L’esthétique de l’intime
Avec des plans d’une beauté singulière, Room for a man emporte le spectateur dans les recoins les plus intimes de l’existence du réalisateur, porté par la voix énigmatique d’une narratrice inconnue. « Je ne voulais pas que ce soit ma voix à moi, j’ai essayé, ça ne marchait pas. J’ai demandé à quelqu’un que je connais qui m’aidait au montage de relire le texte, et j’ai dit oui, pourquoi pas une femme. En même temps il y a ce truc autour du genre, ce mix qui est un peu intéressant au début. » Le réalisateur pose un regard sensible sur le monde qui l’entoure, parvenant à faire de la matière brute de son quotidien un récit passionnant empreint de poésie.
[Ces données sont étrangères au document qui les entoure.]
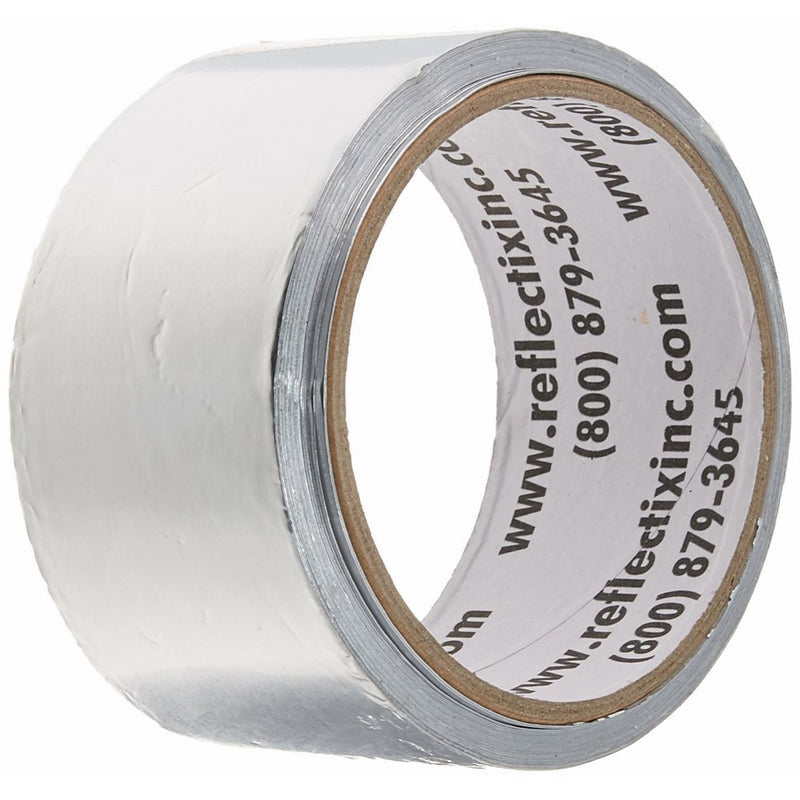 REFLECTIX FT210 Reflective Foil Tape, 2" x 30'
Il a fallu près de deux ans au réalisateur pour synthétiser ces cinq ans de vie et de tournage et les réduire aux soixante-dix-sept minutes du documentaire. « Le montage s’est fait juste après l’Argentine. C’était vraiment difficile de créer l’histoire, de raconter tellement de sujets, tellement de détails, le rapport avec la famille, l’Argentine… Pour que ce soit cohérent, c’était difficile de monter ça. » Si le processus de création a été difficile, le résultat, quant à lui, est d’une beauté et d’une sensibilité remarquables.